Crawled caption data
■ ■ ■ ■

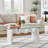 Ondine Glass Top Coffee Table In Spiced Apple-105698027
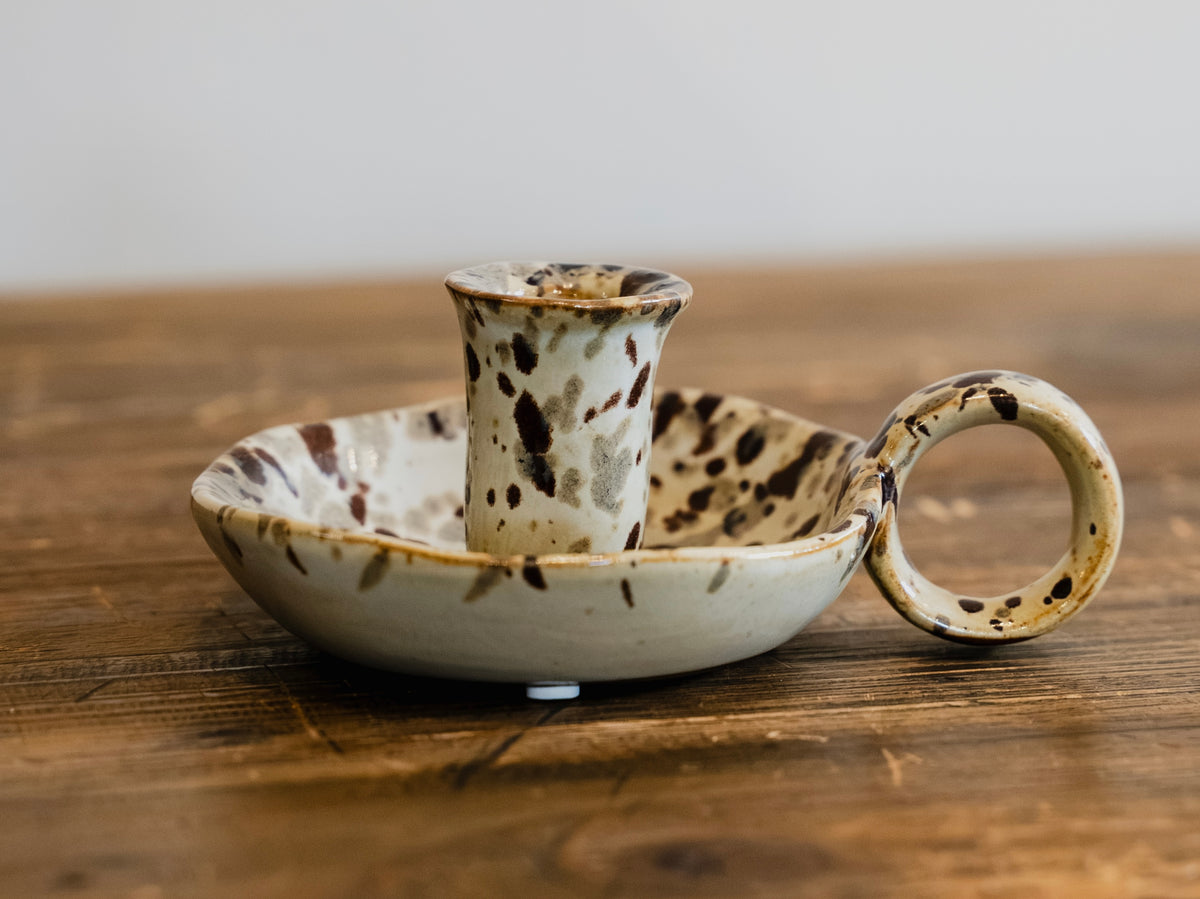 Brown & Taupe Candle Holder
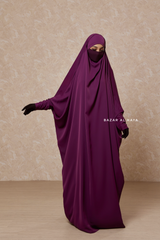 Purple Sarah One Piece Jilbab - Zipper Sleeves - Silk Crepe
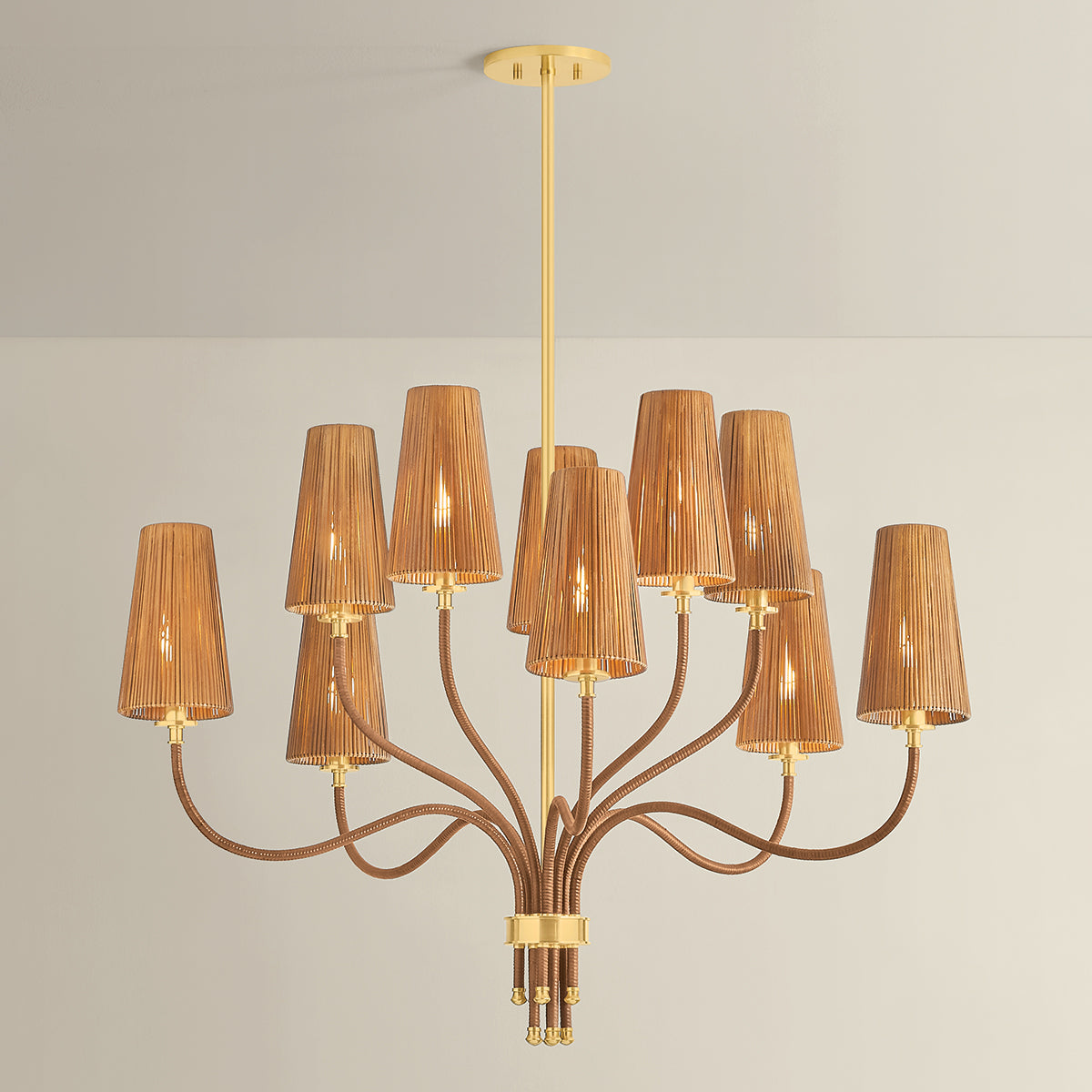 Hudson Valley Atwood 10-Light Chandelier in Aged Brass, alternate view 2
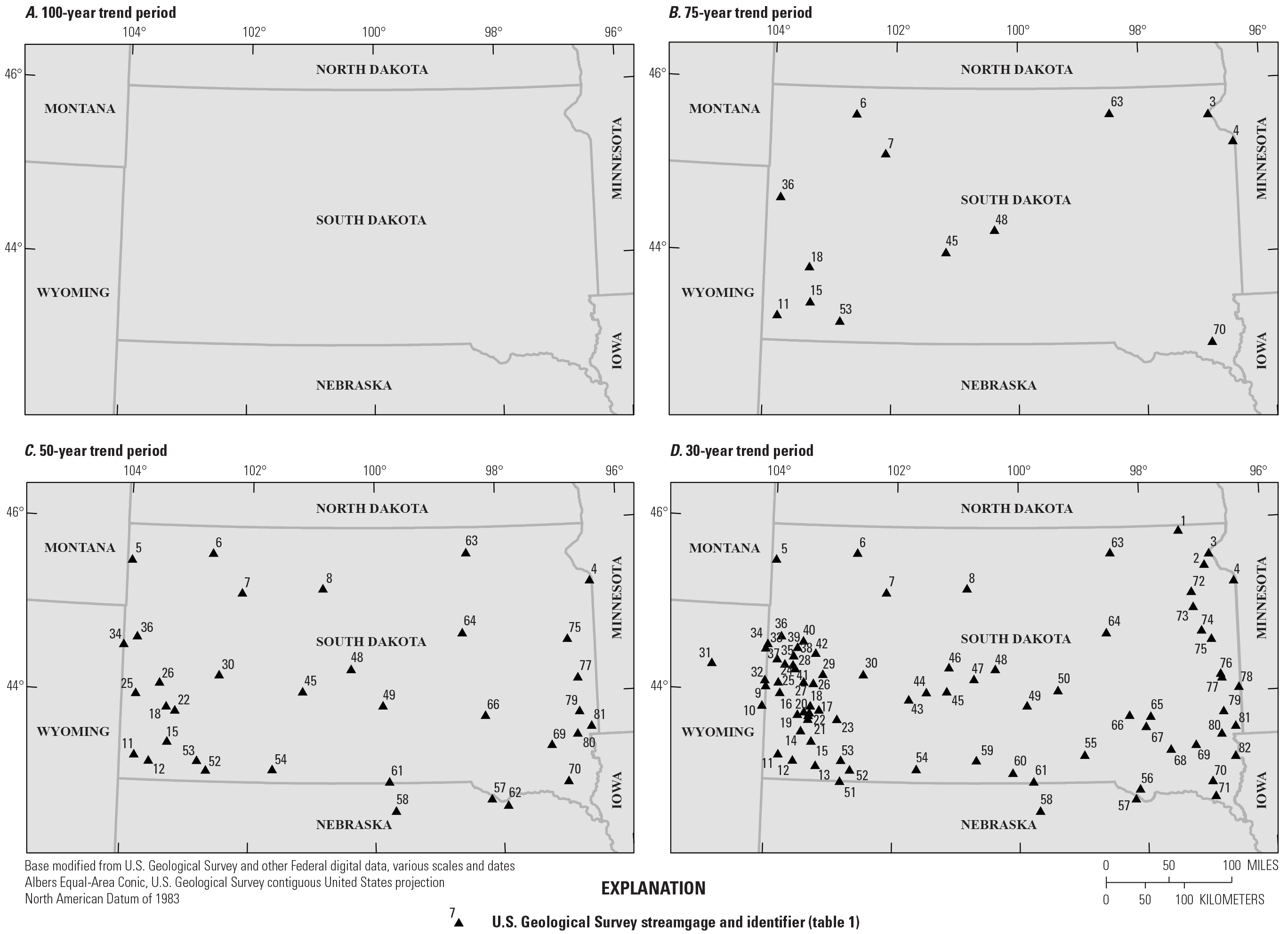 The location of qualifying streamgages in the respective 75-, 50-, and 30-year trend
                        periods.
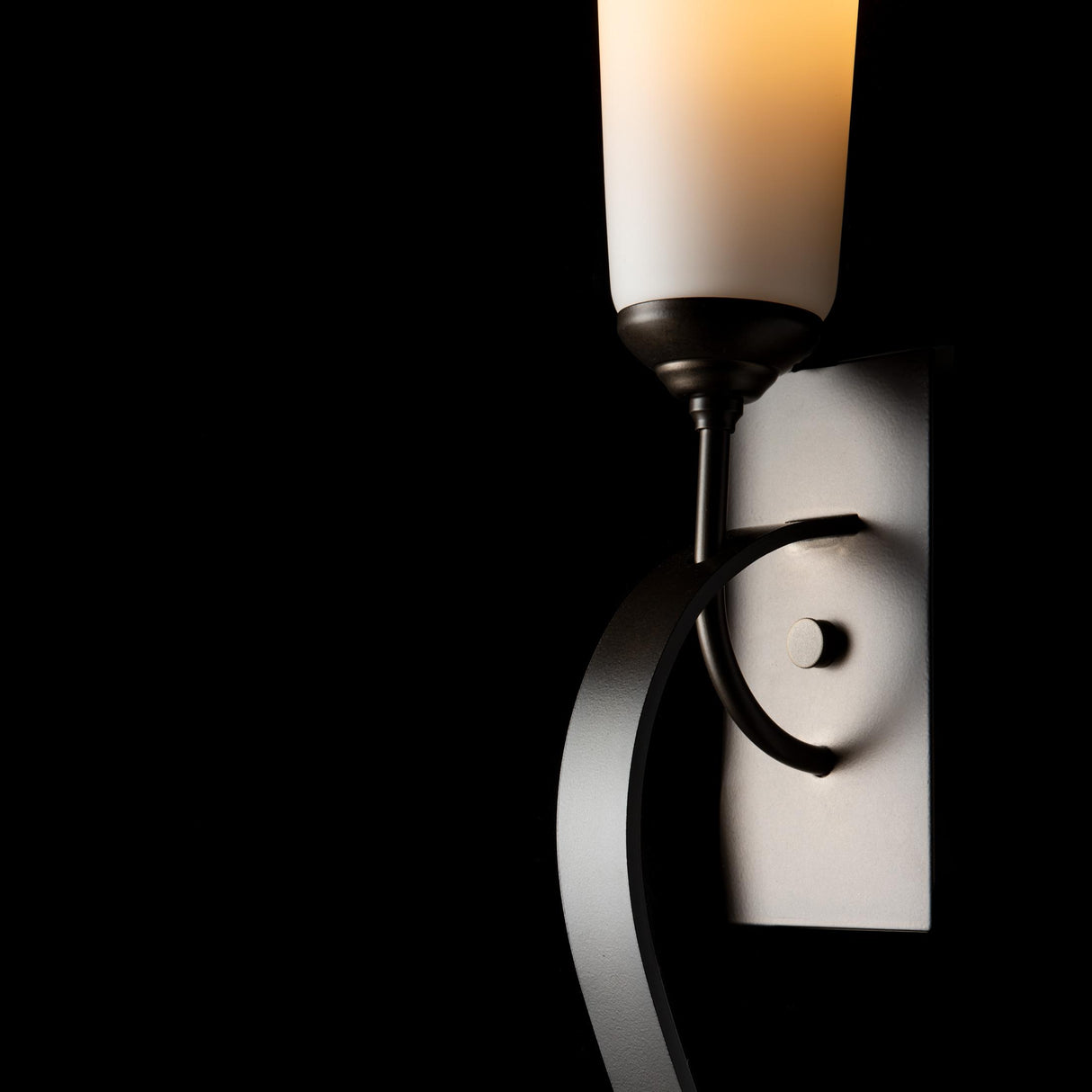 Hubbardton Forge 2012 Dark Smoke Opal Glass (GG) Sweeping Taper ADA Sconce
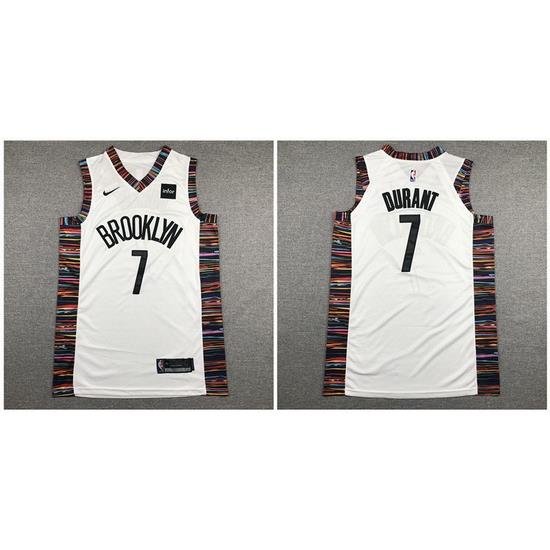 Nets 7 Kevin Durant White City Edition Nike Authentic Jersey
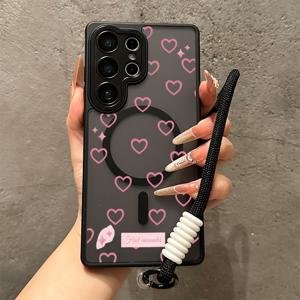 TEMU 삼성 S25U, SS25, S24, S24 플러스, S24U, S23, S23 플러스, S23U용 랜야드 포함 하트 모양 마그네틱 USB 플래시 드라이브 케이스 - 소녀 스타일 휴대폰 케이스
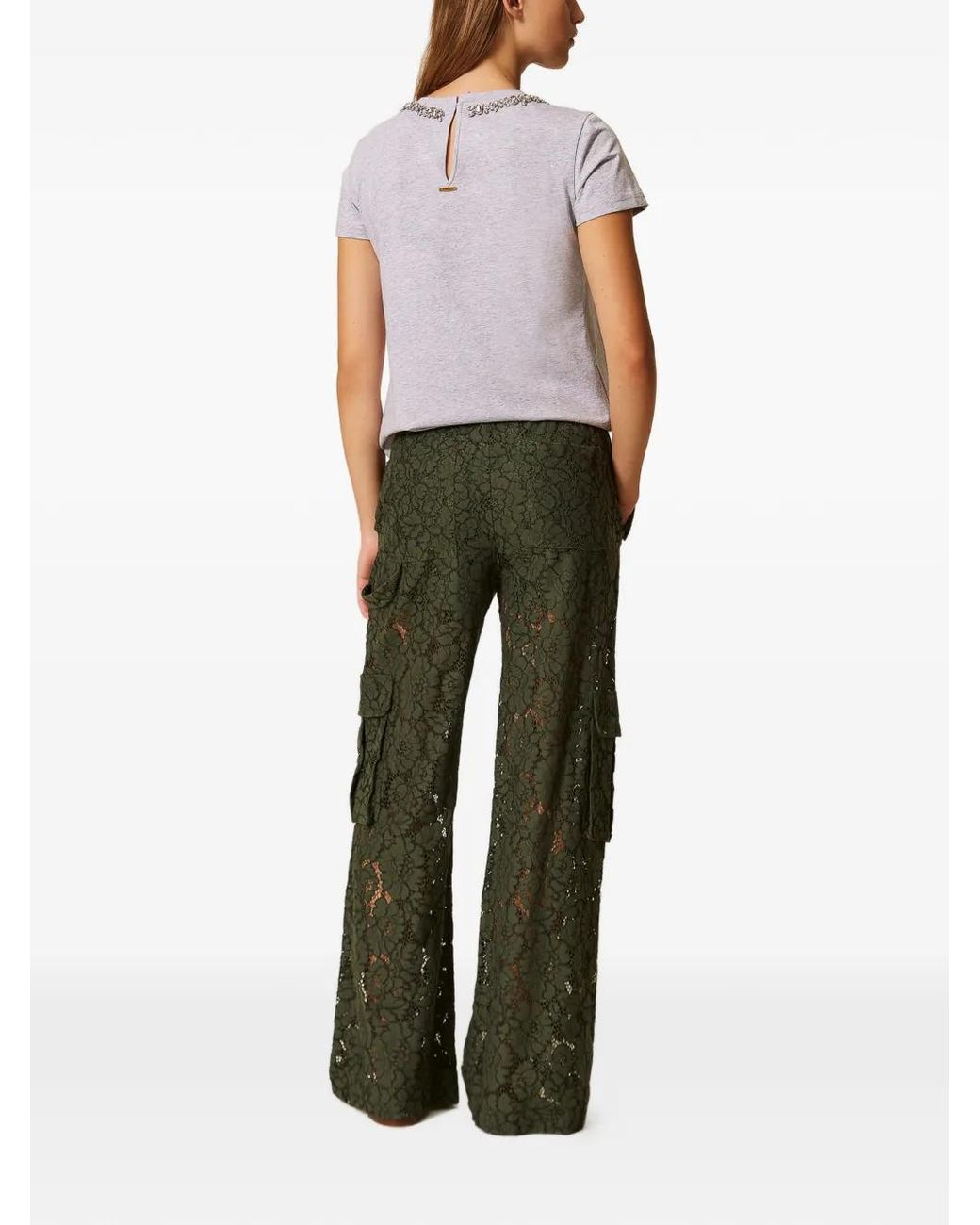 Twinset Green Rébrodé Lace Cargo Trousers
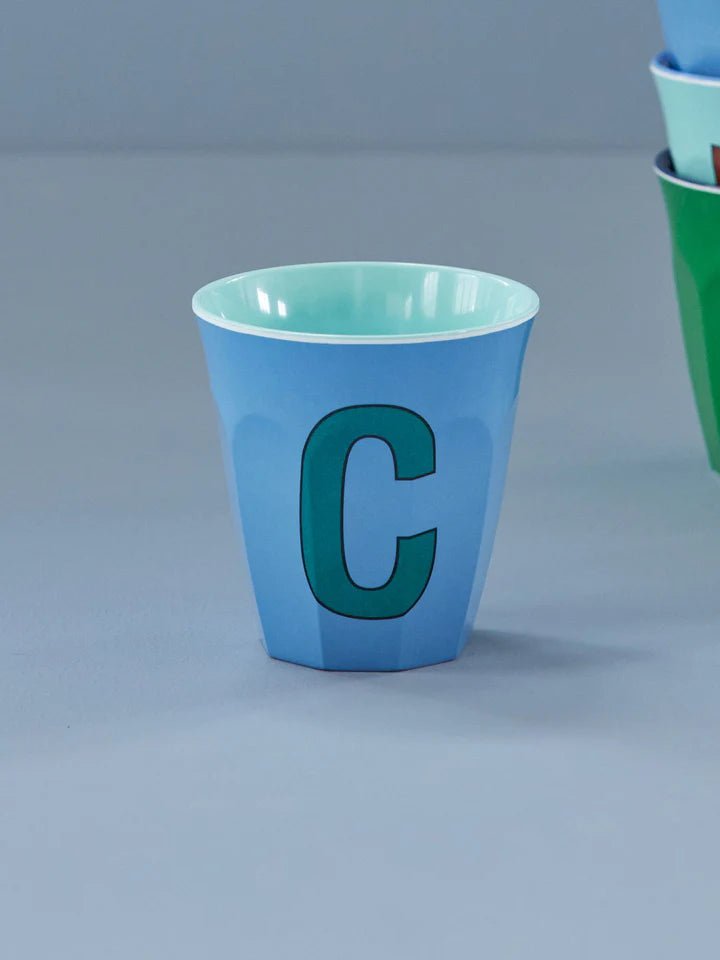 Melamine Cup with letter C Blue - Medium - Mu Shop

■ ■ ■ ■

§ **TASK DETAILS**: The records above must be echoed exactly, minus their pictures.

§ **TASK SOLUTION**:
 Ondine Glass Top Coffee Table In Spiced Apple-105698027
 Brown & Taupe Candle Holder
 Purple Sarah One Piece Jilbab - Zipper Sleeves - Silk Crepe
 Hudson Valley Atwood 10-Light Chandelier in Aged Brass, alternate view 2
 The location of qualifying streamgages in the respective 75-, 50-, and 30-year trend
                        periods.
 Hubbardton Forge 2012 Dark Smoke Opal Glass (GG) Sweeping Taper ADA Sconce
 Nets 7 Kevin Durant White City Edition Nike Authentic Jersey
 TEMU 삼성 S25U, SS25, S24, S24 플러스, S24U, S23, S23 플러스, S23U용 랜야드 포함 하트 모양 마그네틱 USB 플래시 드라이브 케이스 - 소녀 스타일 휴대폰 케이스
 Twinset Green Rébrodé Lace Cargo Trousers
 Melamine Cup with letter C Blue - Medium - Mu Shop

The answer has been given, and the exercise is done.